Qualtrics is known as a program for managing the interaction with customers, from first attracting customers to maintaining the relationship. Amidst what Serafin called "The Great Resignation," Qualtrics is helping companies to attract talent.
"More and more organizations are prioritizing an investment in an experience transformation for their business, and they're doing it on Qualtrics," Serafin told ZDNet. A strong driving factor is that "switching costs are close to zero," he said, both for customers as well as for employees.
Revenue in the three months ended in September rose 41%, year over year, to $271.6 million, yielding a net profit of a penny a share.
Analysts had been modeling $258 million in revenue and a net loss of 2 cents per share.

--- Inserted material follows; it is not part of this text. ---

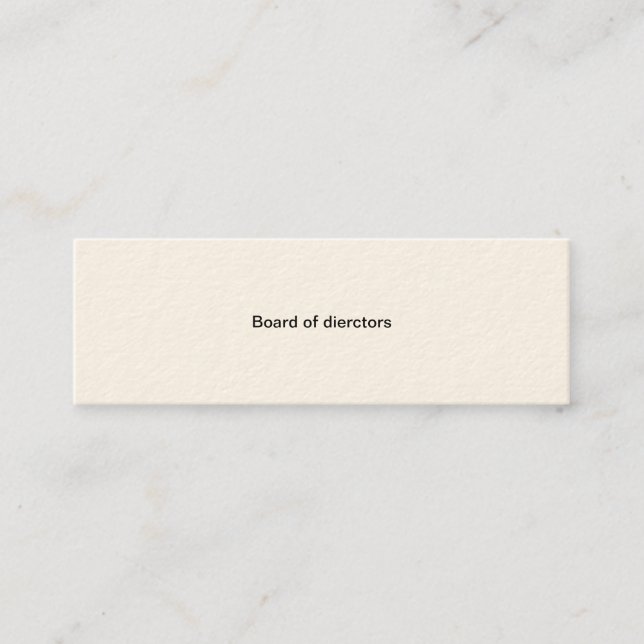Board of directors mini business card (Front)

Qualtrics's remaining performance obligation, a measure of backlog, rose 67%, year over year, to $1.362 billion. Current RPO, for the next twelve months, rose 58% to $781.5 million.
Qualtrics's net dollar retention rate, how much it makes from customers, on average, versus the prior-year period, was 125%. That was up from 122% in the prior quarter.
Asked about the increasing retention rate, Serafin told ZDNet that the key is the company being able to let a company manage in one product "all four core experiences of the business," meaning, "your product experience, your employee experience, the way brand shows up in the market, and how that actually is all embodied in how your customers end up interacting with the business."
Said Serafin, "Companies are realizing the power of what happens when you bring together these core experiences of the business onto a single system, and so they're migrating away from legacy technologies or point solution vendors or even consulting solutions that have existed, and that's also contributing."
Serafin gave an example of a financial services firm that is standardizing on the Qualtrics software. "This is a company that had a whole variety of different vendors they're using and they consolidated a number of legacy brand experience, customer experience vendors onto our platform."
For the current quarter, the company sees revenue of $296 million to $298 million, and net loss in a range of 2 cents to 4 cents. That compares to consensus for $264 million and a 4-cent loss per share.
For the full year, the company raised its outlook for revenue to a range of $1.056 billion to $1.058 billion, and EPS of 2 cents to 4 cents. That is up from a forecast offered back in July for revenue of $1.007 billion to $1.011 billion, and EPS from breakeven to negative 2 cents per share.
It is also higher than consensus of $1.012 billion and a 1-cent loss per share.
Asked about the surprise profit and higher-than expected profit view, CFO CFO Rob Bachman said it was "driven by the strong performance on the top line, the outperformance there, that's flowing to the bottom line in the current quarter."
"When you look at the guidance we provided last quarter, it was zero to 1% on the non-GAAP operating margin," he added, but, "we'll come in around 5%." However, Qualtrics is focused on "investing and capturing the growth," said Bachman, noting the company hired 485 employees during Q3.